日本の経済学者、大久保卓治氏はこのほど、人民元が1985年の円高の二の舞にはならないとし、人民元は緩やかに切り上げられるとの見方を示した。中国新聞網が伝えた。
かつてゴールドマン・サックスやメリルリンチに勤め、現在はフランスの大手金融機関ソシエテ・ジェネラルのアジア・チーフエコノミストを務める大久保氏によると、世界最大の貿易赤字国である米国が人民元切り上げ問題において抱える圧力は1985年頃の日本の状況を思い起こさせるが、中国の対米輸出の構造上、米国が人民元の切り上げ加速を迫ることはないという。
1985年当時の日本の対米輸出は自動車やトラックなどが中心だった。
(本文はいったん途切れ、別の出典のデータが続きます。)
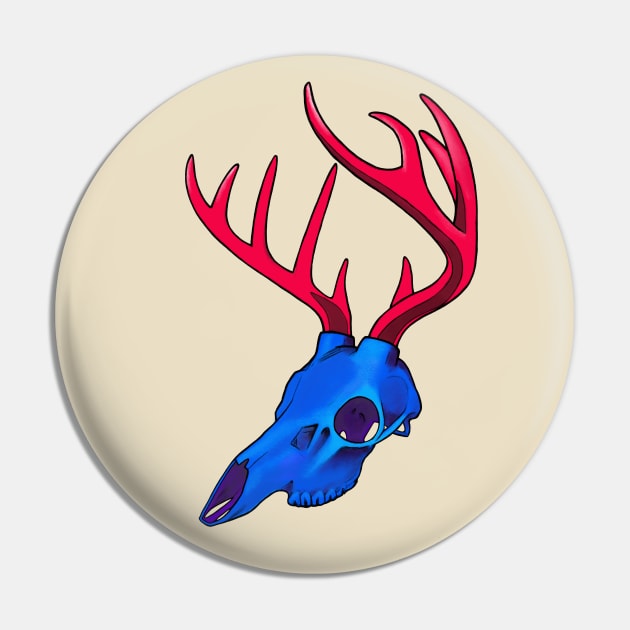 Deer Skull (Bisexual Pride) Pin by theartfulscientist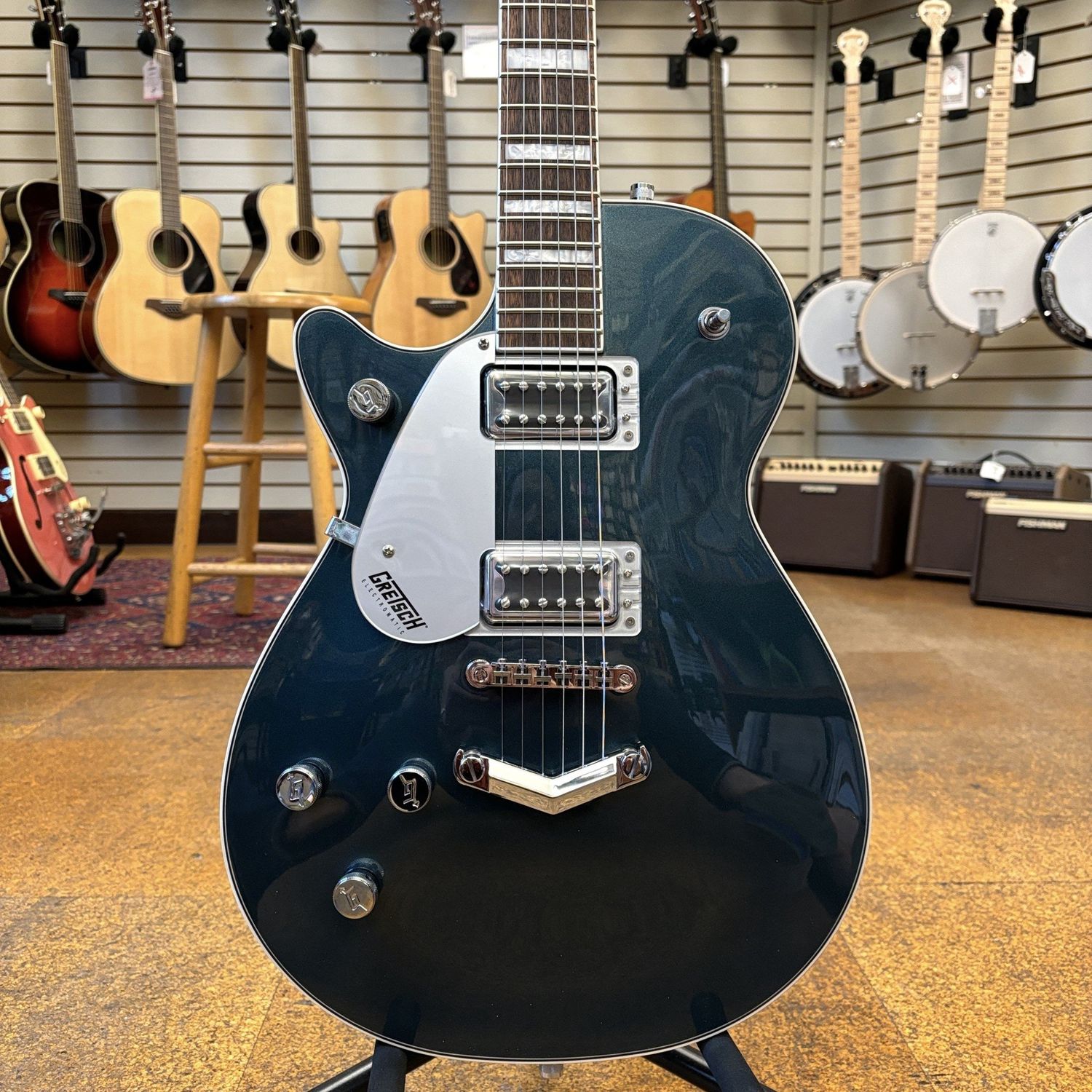 Gretsch G5220LH Electromatic Jet BT Single-Cut with V-Stoptail, Left-Handed Solid Body Electric Guitar Jade Grey Metallic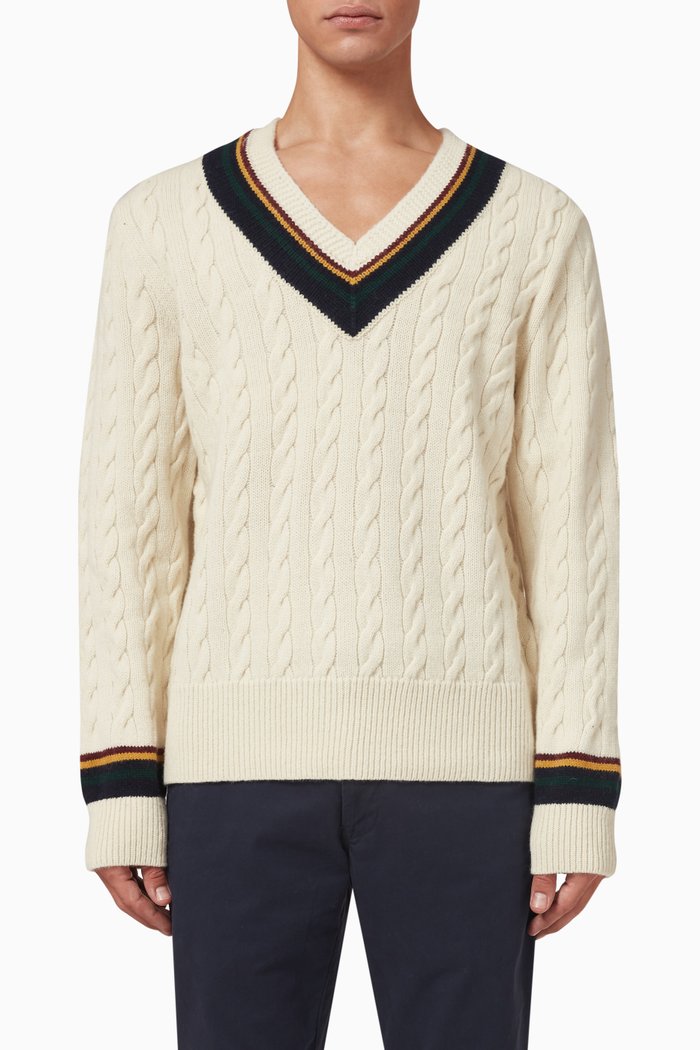 

Stripe Patterned Sweater in Wool-blend, Neutral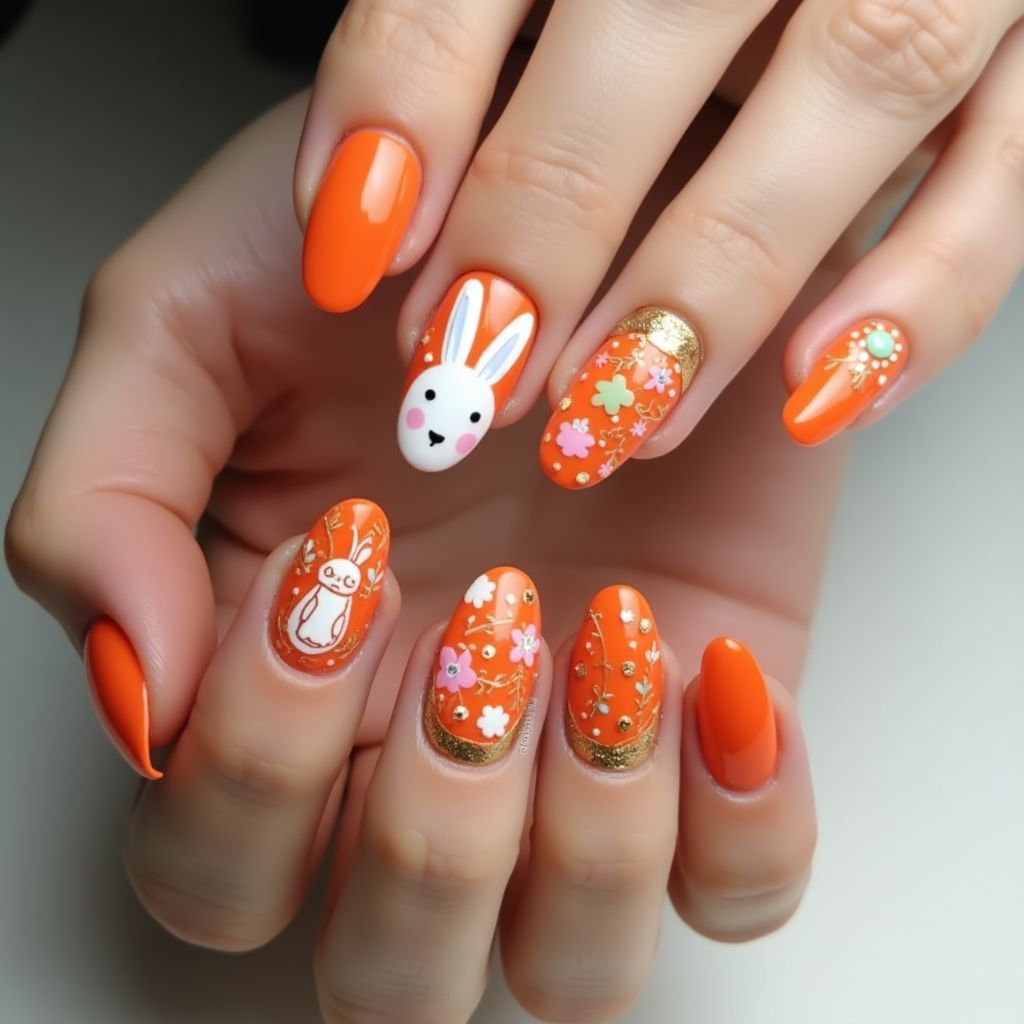 Orange Easter Nail Design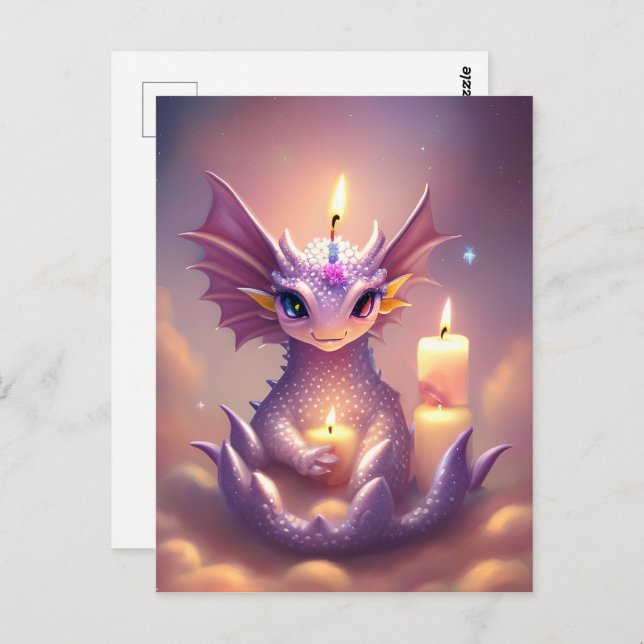 Fantasy Dragon with Birthday Candles Postcard (Front/Back)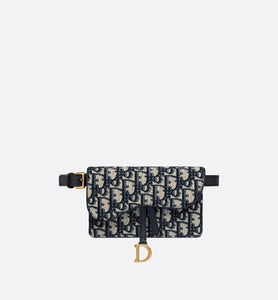 Saddle Belt Pouch • Blue Dior Oblique Jacquard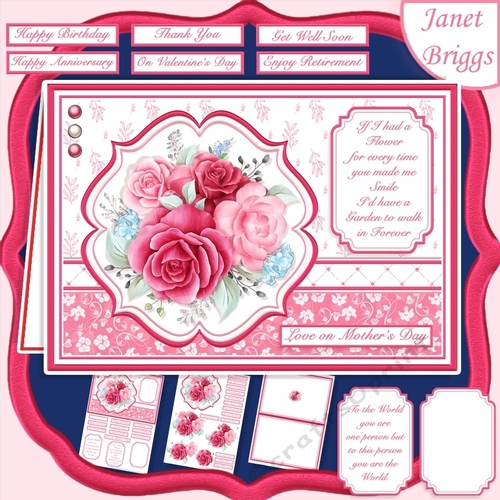 PINK ROSES SPRAY A5 Decoupage & Insert Card Kit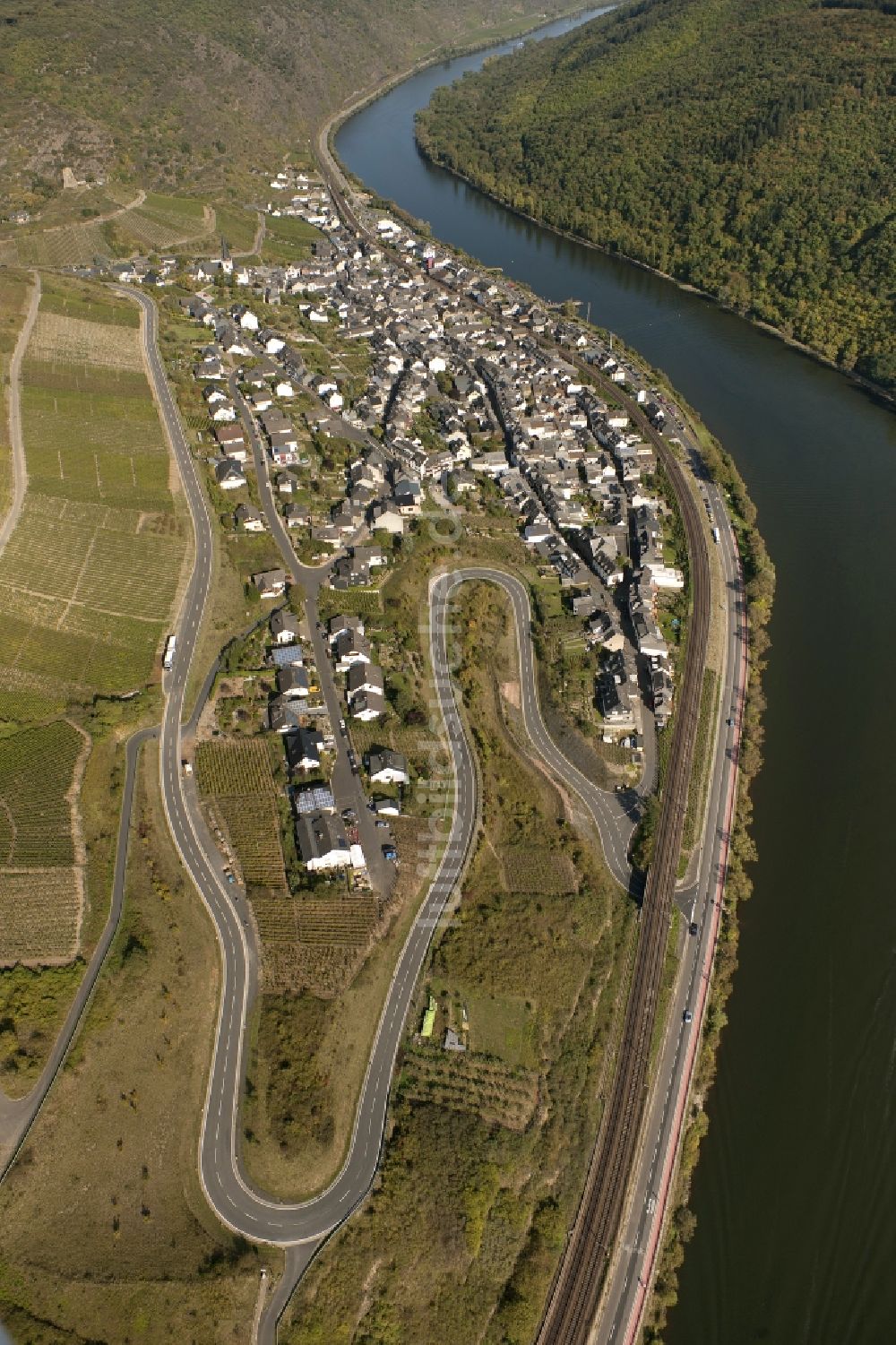 Cochem von oben - Ufer des Flußverlaufes der Mosel in Cochem im Bundesland Rheinland-Pfalz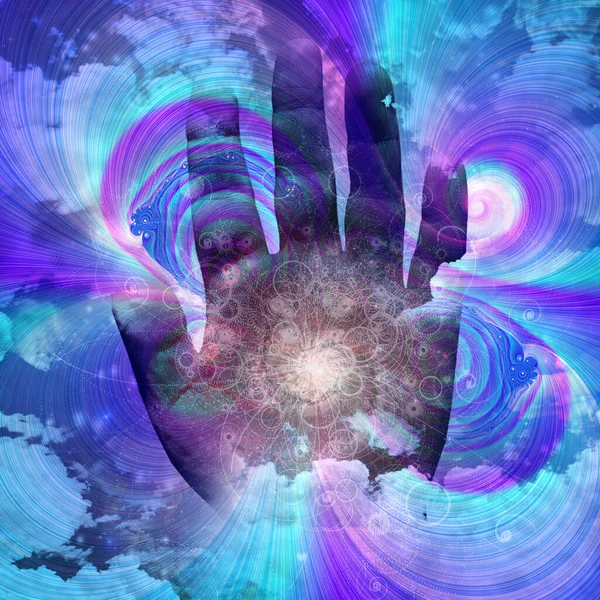 Digital Abstract Background Hands Space — Zdjęcie stockowe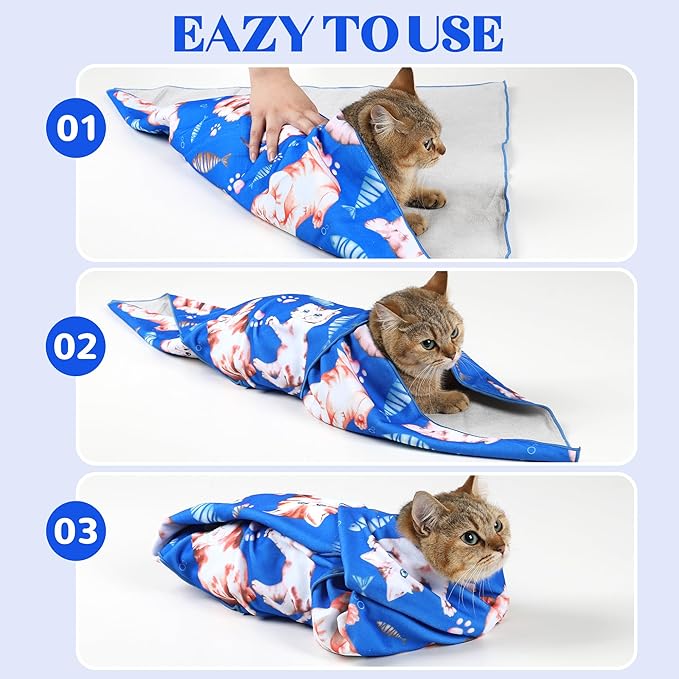 27.6“ Cat Wrap for Cutting Nails Self-Adherent Fabric Cat Wrap for Grooming Cat Restraint for Nail Clipping Anti-Escape Cat Calming Wrap Within 15lbs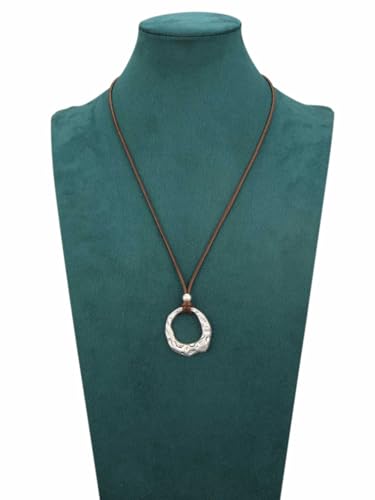 Jeilwiy Leather Necklace for Women Funky Necklace Choker String Cord Necklace with Pendant Boho Style Jewelry - style: Silver Circle Pendant Necklace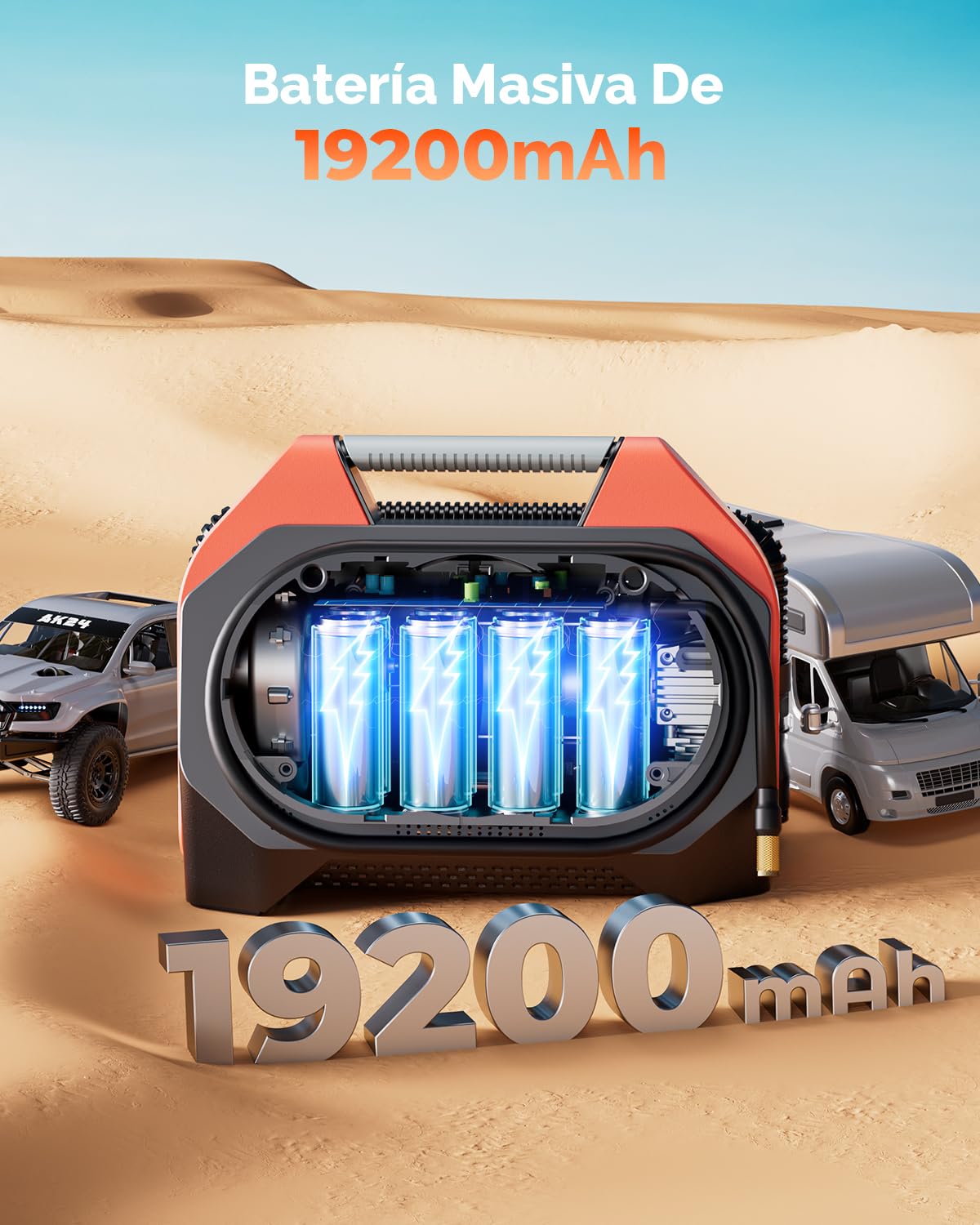 ETENWOLF S6 19200 mAh Inflador Ruedas Coche, Compresor Aire Portatil de 11,03 bares, 7 modos para coche y objetos inflables, Bomba de aire eléctrica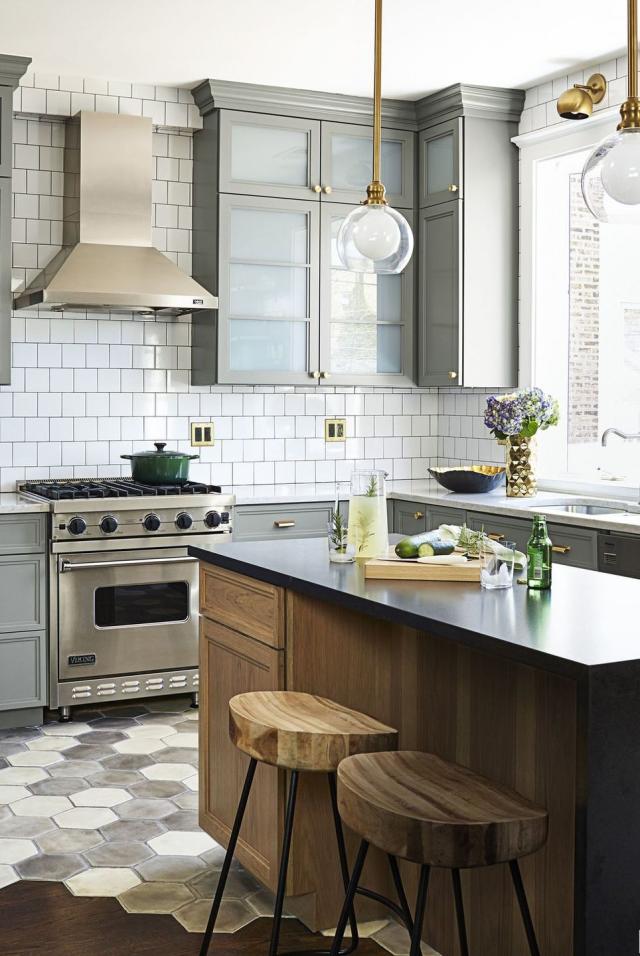 A Chicago Kitchen by SuzAnn Kletzien With Bold Green Cabinets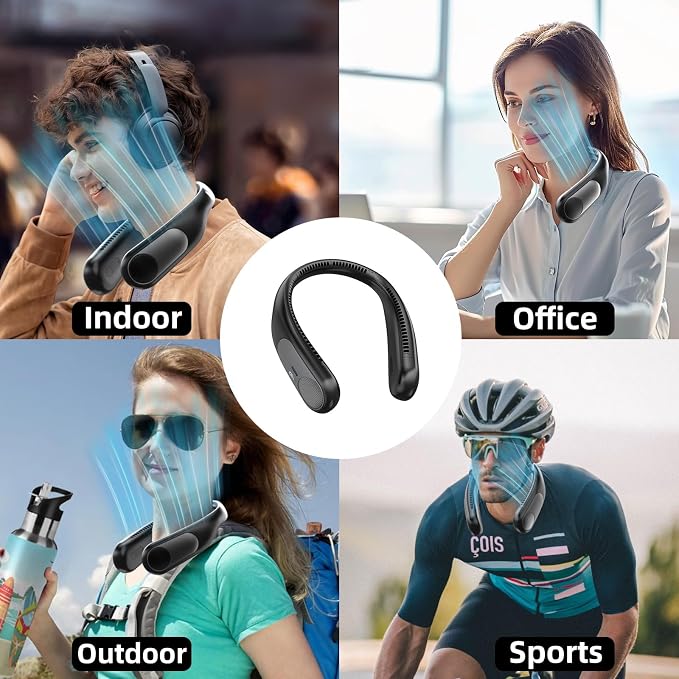 Portable Neck Fan, Personal Wearable Bladeless Fan for Outdoor Indoor, LED Display, 360° Cooling, 4-Speeds, 6000mAh USB Rechargeable, Birthday Gifts for Men Women Dad Mom (Black)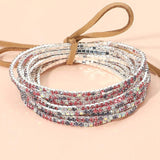 12PCS Ribbon Colorful Rhinestone Layered Stretch Bracelets - Madeline Love - Flyclothing LLC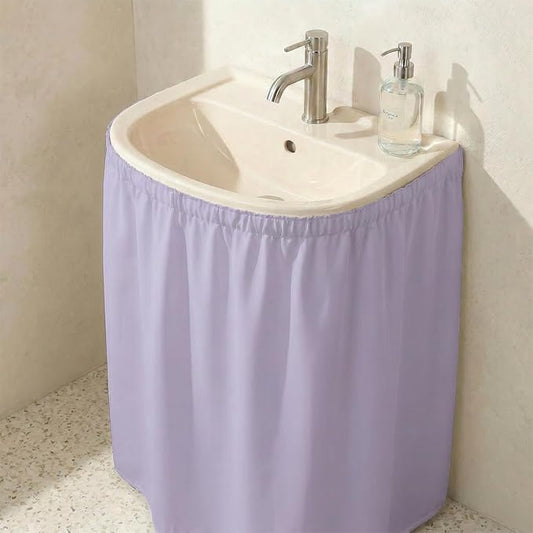 Sink Skirt Bathroom, Self Stick Adhesive Waterproof Fabric, Under Sink Curtain Skirt, Pedestal Sink Accessories Decor, Bathroom Storage Decor(Purple)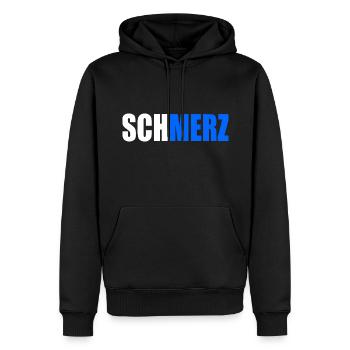 Schmerz no merz - Männer Premium Bio Hoodie - Schwarz - Vorne - Nico (187cm)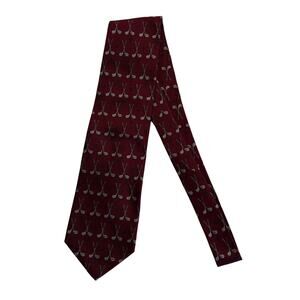 M3-20(3) ANDREW SCOTT Men's Neck Tie Golf Clubs Motif Red 100% Silk 55"L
こうした輸出構造だと、米国は反ダンピング(不当廉売)などの手段によって容易に日本を屈服させることができるが、中国の対米輸出は相対的にバランスが取れているため、圧力に強い構造ができている。
中国外貨取引センターの統計によると、今月24日の人民元対ドル基準値は1ドル=6.6589元(前日比+0.0120)だった。人民元は緩やかに切り上げられ、来年末まで上昇幅は3-5%程度だと大久保氏は予測する。
バブル崩壊によって日本の不景気は10年続いた。資産バブルのリスクを防ぐ直接的な方法は金利の引き上げだと大久保氏はいう。中国の不動産価格高騰は、貯金の利率でインフレ上昇を相殺できないため、人々がありとあらゆるハイリターンのチャンスを求めていることから起こる。
10月に取った金利引き上げから中国の通貨当局がインフレと資産バブルの抑制に乗り出したことが伺える。